India studies 35% free float for shares

India studies 35% free float for shares

Finance minister's proposal could force flood of sales worth $15bn

An office worker touches an image of Lakshmi, the Hindu goddess of wealth, as a monitor shows Indian Finance Minister Nirmala Sitharaman delivering her budget speech, at the Bombay Stock Exchange in Mumbai on Friday. (AP Photo)
An office worker touches an image of Lakshmi, the Hindu goddess of wealth, as a monitor shows Indian Finance Minister Nirmala Sitharaman delivering her budget speech, at the Bombay Stock Exchange in Mumbai on Friday. (AP Photo)

MUMBAI: India has proposed raising the minimum public shareholding or free float for listed companies to 35% from 25%, in a surprise move that triggered concerns about enforced share sales.

The proposal, made by Finance Minister Nirmala Sitharaman in her budget speech on Friday, pushed the stock market down, even though she also announced a tighter fiscal deficit target and lower-than-expected borrowing.

Expectations of a flood of shares being sold could result in a supply overhang for the market and undermine share prices, said analysts.

The need to increase public shareholding would result in companies having to offer approximately 1 trillion rupees (US$15 billion) in shares currently owned by controlling shareholders to the public, said Rajiv Singh, CEO of stockbroking at Karvy Stock Broking Ltd.

The government, however, did not say whether the higher free float would apply to existing listed firms or only to those seeking to list. Nor did it provide a timetable.

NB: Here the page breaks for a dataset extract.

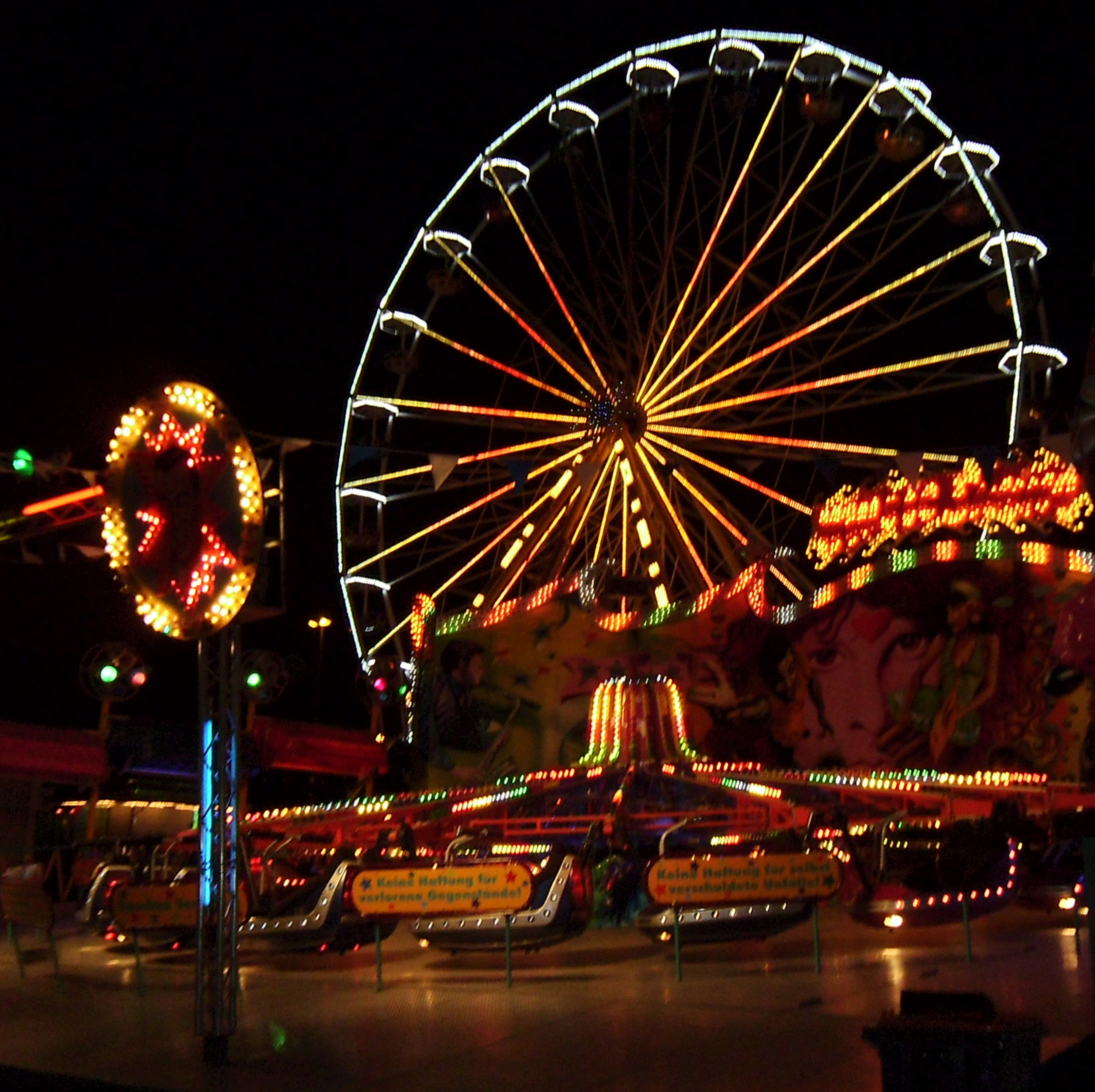 Riesenrad bei Nacht mit Karussell auf der Saarbruecker Kirmes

“If it is made applicable to existing listed companies, we estimate that this will perhaps affect close to 20% of all listed companies,” said Vivek Gupta, partner and national head of mergers and acquisitions and private equity taxation at KPMG in India. “That will need substantial capital - which may not be readily available.”

Major companies with large stakes held by either their founders or owners are the information technology giant Tata Consultancy Services Ltd and Wipro Ltd, the state-owned mining giant Coal India Ltd, and the consumer products group Hindustan Unilever Ltd among others.

The broader Nifty index closed down 1.14% at 11,811.15, dragged down mainly by Tata Consultancy Services, which tumbled 3.6%. The country’s IT index was down 2.5%.

Securities experts expect a strong pushback from Indian multinational companies in which private owners hold the vast majority of shares.

The controlling shareholders would be concerned about diluting their shareholding and, therefore, their controlling rights, said Moin Ladha, a partner at the law firm Khaitan & Co.

Maintaining a 25% free float is already difficult and increasing it to 35% will be challenging, he said. “This proposal will have to be implemented in stages with reasonable exemption in specific cases.”

Some companies might even consider accelerating their plan for delisting from the markets, Ladha added.

According to Karvy’s Singh, 100 of the BSE 500 companies that capture the bulk of the market capitalization in BSE Ltd are more than 65% owned by their controlling shareholders. Government holdings will also be affected as 40 state-run companies have public shareholdings of less than 35%.